El complemento EmbedPress – Embed PDF, YouTube, Google Docs, Vimeo, Wistia Videos, Audios, Maps y cualquier documento en Gutenberg & Elementor para WordPress es vulnerable a ataques de Cross-Site Scripting almacenado a través del enlace del widget de Google Calendar. Esta vulnerabilidad afecta a todas las versiones hasta la 3.9.8 y permite a atacantes autenticados con permisos de nivel contribuyente o superior inyectar scripts web arbitrarios en páginas que se ejecutarán cuando un usuario acceda a una página afectada.
La vulnerabilidad se debe a la falta de sanitización de la entrada y escape de la salida de los atributos suministrados por los usuarios. Esto permite a los atacantes inyectar código malicioso en los enlaces del widget de Google Calendar y ejecutar scripts en las páginas afectadas. Para aprovechar esta vulnerabilidad, el atacante debe tener al menos permisos de nivel contribuyente y estar autenticado en el sitio.
Para subsanar este problema, es recomendable actualizar el complemento EmbedPress a la última versión disponible.
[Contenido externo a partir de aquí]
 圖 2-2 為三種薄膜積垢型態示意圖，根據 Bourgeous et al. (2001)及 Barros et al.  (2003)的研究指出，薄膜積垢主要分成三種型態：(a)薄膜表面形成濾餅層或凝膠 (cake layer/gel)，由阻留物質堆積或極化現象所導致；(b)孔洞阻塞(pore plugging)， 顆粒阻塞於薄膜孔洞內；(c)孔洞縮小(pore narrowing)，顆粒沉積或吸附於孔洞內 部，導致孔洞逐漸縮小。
Los desarrolladores del complemento han solucionado esta vulnerabilidad en versiones posteriores a la 3.9.8.
Además, se recomienda implementar buenas prácticas de seguridad en WordPress, como limitar los permisos de los usuarios y utilizar plugins de seguridad que ayuden a detectar y prevenir ataques de este tipo. Es importante también mantener siempre actualizados todos los plugins y temas instalados en el sitio.
La vulnerabilidad de Cross-Site Scripting almacenado en el complemento EmbedPress <= 3.9.8 a través del enlace del widget de Google Calendar puede permitir a atacantes autenticados inyectar scripts maliciosos en páginas del sitio. La solución más efectiva es actualizar el complemento a la última versión disponible y seguir buenas prácticas de seguridad en WordPress. Mantener todos los plugins y temas actualizados es clave para proteger el sitio contra posibles vulnerabilidades.